When Mr. Hopkins restarted his engine, Detective Whittington also told him to step out of the car and attempted to reach inside and disable the vehicle as Mr. Hopkins reached for the shifter. Detective Whittington deemed Mr. Hopkins to be attempting to flee.

Mr. Hopkins put the car in drive and sped off heading west on Sixth Avenue. He left his identification card in Officer Goffreda's possession. From a timing perspective, Officer Goffreda's discussion with Mr. Hopkins and Mr. Morgan lasted approximately two minutes. Less than one minute elapsed from the time the detectives arrived until the chase began.

Officer Goffreda ran back to his cruiser and attempted pursuit, which continued east on Seventh Avenue. An Officer Rogers, who was earlier dispatched to the scene but had not yet arrived, joined the chase in progress, along with other law enforcement officers including the detectives. Officer Rogers took the lead inasmuch as Officer Goffreda "was pretty far behind." (Id.). The Dodge Charger reached a speed of at least 60 miles per hour in its attempt to flee.

Officer Goffreda estimated the speed based upon the fact his pursuing vehicle was traveling at a rate of 70 to 80 miles per hour. He was gaining on the Dodge Charger, but not quickly. The posted limit on the roads where the chase occurred range from 25 to 40 miles per hour.

Not long after the chase began, the Dodge Charger attempted to turn south on Iowa Street. The vehicle crashed into a tree when Mr. Hopkins lost control. The occupants then ran in opposite directions. Detectives Whittington and Burton pursued Mr. Morgan on foot for approximately 80 yards as he fled between two houses. When Mr. Morgan reached, and attempted to climb, a chain-link fence, he was instructed to get on the ground. He complied. All three of them then returned to the crash scene.

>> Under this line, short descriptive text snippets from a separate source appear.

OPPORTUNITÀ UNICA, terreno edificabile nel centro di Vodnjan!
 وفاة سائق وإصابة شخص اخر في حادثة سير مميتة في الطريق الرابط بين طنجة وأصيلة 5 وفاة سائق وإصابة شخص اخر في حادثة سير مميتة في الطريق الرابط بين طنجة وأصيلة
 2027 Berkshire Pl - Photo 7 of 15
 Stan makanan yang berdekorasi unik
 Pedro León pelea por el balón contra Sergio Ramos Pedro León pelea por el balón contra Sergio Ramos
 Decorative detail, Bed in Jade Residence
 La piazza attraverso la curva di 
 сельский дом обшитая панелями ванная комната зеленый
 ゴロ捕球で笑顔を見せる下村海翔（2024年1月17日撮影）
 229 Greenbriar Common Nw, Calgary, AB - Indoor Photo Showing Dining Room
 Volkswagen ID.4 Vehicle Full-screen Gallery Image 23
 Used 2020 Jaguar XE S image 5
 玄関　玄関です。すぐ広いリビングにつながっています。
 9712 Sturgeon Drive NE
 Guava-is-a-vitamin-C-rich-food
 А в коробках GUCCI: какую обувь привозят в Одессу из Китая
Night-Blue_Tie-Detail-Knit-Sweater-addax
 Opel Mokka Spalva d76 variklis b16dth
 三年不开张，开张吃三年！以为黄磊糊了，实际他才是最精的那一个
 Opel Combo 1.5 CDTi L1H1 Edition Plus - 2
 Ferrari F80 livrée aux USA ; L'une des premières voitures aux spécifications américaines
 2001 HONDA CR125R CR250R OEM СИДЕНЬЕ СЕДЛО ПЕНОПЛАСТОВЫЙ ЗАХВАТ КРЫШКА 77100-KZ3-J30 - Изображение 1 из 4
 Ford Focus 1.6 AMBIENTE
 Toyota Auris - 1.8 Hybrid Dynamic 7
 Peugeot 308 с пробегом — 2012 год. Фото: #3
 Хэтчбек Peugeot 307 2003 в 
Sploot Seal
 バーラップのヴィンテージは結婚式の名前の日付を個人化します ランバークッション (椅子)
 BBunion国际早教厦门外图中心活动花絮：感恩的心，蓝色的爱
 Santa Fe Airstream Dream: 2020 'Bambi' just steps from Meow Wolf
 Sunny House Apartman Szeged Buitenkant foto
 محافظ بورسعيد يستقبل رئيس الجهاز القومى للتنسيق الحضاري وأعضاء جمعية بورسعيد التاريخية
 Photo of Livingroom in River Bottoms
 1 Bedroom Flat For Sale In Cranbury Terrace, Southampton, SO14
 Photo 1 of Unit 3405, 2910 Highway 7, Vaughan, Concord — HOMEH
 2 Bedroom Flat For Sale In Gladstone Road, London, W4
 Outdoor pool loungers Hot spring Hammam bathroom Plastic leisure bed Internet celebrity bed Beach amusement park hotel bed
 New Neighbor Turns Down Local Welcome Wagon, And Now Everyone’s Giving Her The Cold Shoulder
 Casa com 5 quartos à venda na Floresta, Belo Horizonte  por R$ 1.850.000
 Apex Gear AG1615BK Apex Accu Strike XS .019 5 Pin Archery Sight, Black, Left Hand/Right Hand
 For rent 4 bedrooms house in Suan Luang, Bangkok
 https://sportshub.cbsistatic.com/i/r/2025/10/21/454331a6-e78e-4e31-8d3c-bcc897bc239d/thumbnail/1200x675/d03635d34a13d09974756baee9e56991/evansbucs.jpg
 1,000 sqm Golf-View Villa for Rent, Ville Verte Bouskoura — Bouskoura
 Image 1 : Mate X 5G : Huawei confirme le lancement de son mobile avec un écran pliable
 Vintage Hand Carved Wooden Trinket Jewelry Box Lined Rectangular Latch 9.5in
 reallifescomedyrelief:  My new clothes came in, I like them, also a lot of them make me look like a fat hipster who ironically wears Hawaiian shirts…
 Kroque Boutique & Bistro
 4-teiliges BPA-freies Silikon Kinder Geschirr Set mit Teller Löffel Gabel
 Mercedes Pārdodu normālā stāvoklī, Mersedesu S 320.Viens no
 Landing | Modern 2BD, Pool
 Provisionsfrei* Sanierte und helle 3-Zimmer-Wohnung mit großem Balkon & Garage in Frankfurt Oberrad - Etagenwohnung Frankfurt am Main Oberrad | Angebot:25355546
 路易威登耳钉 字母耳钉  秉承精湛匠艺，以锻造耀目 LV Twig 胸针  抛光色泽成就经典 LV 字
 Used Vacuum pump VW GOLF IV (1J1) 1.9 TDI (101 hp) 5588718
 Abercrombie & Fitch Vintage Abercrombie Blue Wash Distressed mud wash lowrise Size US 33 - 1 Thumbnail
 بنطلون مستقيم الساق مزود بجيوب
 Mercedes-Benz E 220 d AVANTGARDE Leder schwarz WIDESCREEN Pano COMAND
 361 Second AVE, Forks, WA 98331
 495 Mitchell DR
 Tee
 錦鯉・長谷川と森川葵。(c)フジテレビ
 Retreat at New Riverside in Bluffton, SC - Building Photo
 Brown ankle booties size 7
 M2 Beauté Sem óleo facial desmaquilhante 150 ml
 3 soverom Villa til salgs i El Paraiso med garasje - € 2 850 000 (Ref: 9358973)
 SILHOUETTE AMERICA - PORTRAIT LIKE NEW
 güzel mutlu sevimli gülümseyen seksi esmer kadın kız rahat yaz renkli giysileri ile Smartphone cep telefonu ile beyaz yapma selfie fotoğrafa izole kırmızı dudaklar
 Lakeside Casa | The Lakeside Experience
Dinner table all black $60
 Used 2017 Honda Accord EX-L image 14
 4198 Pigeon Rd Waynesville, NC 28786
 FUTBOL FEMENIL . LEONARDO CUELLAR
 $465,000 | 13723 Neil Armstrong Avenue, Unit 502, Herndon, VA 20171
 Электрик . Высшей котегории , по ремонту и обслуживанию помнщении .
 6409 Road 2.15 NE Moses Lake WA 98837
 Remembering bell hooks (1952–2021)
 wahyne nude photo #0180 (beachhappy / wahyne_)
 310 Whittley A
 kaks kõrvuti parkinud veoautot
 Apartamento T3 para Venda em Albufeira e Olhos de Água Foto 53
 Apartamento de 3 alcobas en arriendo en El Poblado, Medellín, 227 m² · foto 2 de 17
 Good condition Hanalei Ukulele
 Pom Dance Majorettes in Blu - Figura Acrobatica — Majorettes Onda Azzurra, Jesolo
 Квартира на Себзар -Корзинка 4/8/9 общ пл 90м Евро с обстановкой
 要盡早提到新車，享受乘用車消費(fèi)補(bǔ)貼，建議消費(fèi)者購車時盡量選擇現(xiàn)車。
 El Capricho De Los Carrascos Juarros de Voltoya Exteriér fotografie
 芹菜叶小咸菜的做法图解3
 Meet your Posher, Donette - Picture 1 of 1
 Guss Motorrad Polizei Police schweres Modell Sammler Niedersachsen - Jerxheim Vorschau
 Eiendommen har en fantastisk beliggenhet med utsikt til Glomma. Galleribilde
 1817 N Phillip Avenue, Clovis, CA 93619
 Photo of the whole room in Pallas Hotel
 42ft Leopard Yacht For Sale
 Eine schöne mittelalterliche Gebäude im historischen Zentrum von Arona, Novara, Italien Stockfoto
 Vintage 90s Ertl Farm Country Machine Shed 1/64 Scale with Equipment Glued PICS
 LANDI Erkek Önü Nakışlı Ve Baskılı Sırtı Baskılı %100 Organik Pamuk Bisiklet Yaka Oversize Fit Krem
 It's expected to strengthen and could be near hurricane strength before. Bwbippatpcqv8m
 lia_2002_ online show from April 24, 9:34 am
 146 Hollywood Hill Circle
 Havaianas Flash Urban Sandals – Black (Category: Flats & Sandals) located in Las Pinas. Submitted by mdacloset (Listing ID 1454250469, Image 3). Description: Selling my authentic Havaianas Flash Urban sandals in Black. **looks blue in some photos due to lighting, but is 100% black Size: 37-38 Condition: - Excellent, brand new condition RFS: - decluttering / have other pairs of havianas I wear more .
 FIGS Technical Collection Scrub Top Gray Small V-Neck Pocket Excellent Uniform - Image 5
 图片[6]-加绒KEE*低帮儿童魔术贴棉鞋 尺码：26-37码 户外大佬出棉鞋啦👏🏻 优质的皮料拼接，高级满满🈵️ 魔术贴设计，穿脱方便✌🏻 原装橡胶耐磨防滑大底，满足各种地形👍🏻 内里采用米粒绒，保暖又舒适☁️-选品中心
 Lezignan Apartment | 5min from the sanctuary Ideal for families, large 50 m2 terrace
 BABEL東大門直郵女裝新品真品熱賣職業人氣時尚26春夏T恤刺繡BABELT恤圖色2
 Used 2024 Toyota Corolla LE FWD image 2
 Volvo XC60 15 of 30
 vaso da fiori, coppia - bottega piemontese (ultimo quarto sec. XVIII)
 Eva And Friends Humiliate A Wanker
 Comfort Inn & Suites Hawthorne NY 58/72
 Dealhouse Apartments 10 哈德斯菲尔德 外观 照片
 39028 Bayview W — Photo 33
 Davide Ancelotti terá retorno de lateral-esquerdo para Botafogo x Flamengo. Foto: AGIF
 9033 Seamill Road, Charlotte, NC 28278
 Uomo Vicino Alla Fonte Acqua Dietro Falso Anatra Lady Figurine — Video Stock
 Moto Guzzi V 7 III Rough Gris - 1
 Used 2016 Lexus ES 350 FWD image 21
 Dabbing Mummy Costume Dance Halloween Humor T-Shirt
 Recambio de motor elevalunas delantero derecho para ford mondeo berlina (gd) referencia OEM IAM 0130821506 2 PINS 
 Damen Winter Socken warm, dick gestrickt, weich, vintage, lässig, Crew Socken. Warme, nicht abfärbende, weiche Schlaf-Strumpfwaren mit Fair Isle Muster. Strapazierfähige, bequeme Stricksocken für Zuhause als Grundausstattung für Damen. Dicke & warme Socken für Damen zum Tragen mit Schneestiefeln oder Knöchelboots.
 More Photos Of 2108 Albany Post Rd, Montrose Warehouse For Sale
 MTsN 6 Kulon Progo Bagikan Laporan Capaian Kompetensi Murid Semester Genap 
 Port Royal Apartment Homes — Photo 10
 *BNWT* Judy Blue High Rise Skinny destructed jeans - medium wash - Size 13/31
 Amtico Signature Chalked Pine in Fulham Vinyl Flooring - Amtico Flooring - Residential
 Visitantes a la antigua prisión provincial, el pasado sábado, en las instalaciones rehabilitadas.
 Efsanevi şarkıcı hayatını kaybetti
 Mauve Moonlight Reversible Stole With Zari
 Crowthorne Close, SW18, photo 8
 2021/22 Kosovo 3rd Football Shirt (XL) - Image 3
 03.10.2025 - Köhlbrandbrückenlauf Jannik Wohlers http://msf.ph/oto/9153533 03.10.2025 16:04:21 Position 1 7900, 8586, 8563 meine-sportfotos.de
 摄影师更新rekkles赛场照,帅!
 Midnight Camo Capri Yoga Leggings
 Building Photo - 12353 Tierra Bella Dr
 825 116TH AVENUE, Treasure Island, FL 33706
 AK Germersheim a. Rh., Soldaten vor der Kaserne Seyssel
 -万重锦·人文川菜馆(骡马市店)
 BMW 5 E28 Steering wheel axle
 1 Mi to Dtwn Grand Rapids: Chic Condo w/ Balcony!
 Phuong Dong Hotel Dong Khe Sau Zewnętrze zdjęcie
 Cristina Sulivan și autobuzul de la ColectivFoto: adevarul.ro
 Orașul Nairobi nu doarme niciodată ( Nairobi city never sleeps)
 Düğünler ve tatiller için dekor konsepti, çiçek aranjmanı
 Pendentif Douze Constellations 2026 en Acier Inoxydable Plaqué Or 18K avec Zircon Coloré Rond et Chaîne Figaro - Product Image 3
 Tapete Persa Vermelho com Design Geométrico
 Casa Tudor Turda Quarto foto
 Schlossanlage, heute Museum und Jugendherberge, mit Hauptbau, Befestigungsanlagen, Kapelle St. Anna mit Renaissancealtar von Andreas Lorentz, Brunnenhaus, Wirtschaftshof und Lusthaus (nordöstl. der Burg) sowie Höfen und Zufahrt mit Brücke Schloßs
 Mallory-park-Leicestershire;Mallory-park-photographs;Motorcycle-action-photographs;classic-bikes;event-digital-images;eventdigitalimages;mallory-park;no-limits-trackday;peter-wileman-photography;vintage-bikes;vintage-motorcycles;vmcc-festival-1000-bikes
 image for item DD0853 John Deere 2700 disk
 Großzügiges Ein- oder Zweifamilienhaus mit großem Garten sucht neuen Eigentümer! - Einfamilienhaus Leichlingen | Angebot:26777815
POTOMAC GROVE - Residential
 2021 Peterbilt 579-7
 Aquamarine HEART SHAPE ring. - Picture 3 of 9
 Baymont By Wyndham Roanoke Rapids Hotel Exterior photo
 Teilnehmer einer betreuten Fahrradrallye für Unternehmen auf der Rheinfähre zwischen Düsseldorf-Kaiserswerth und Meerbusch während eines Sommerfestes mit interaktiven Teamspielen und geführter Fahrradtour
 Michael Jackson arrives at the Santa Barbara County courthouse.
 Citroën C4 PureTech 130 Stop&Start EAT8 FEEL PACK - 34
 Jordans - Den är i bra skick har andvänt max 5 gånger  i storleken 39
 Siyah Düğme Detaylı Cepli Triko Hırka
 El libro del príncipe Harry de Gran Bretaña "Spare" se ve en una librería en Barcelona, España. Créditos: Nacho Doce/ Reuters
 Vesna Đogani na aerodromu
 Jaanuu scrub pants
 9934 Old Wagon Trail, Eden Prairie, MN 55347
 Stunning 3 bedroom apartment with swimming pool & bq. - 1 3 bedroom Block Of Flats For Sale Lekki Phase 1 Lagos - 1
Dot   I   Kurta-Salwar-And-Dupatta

Officers Goffreda and Rogers initially chased Mr. Hopkins in their vehicles as he ran on Seventh Avenue. They switched to a foot pursuit, however, when Mr. Hopkins turned to run between houses in the residential area. When he attempted to climb a fence, Officer Rogers instructed him to stop. When Mr. Hopkins disobeyed the command, he was demobilized by a Taser™. Mr. Hopkins pockets were searched and a large sum of United States currency was recovered. The three of them then returned to the crash scene.

In their absence, Corporal Peter S. Kapeluck of the Charleston Police Department had arrived on the scene at 9:21 p.m. He was tasked with completing the crash investigation. Officer Kapeluck was aware that the accident had occurred following a law enforcement chase. He concluded that the vehicle was not operational and would require a tow. The driver's door to the abandoned vehicle was left open and the key was in the ignition. Consistent with standard policy, he conducted an inventory search and found a grocery-style plastic bag filled with eleven folds of United States currency, marijuana, and a substance characteristic of heroin. When Detective Whittington returned to the crash scene with Mr. Morgan, Officer Kapeluck handed him the plastic bag which Detective Whittington opened up to see its contents. Two mobile phones were also recovered during the inventory, along with a gun holster.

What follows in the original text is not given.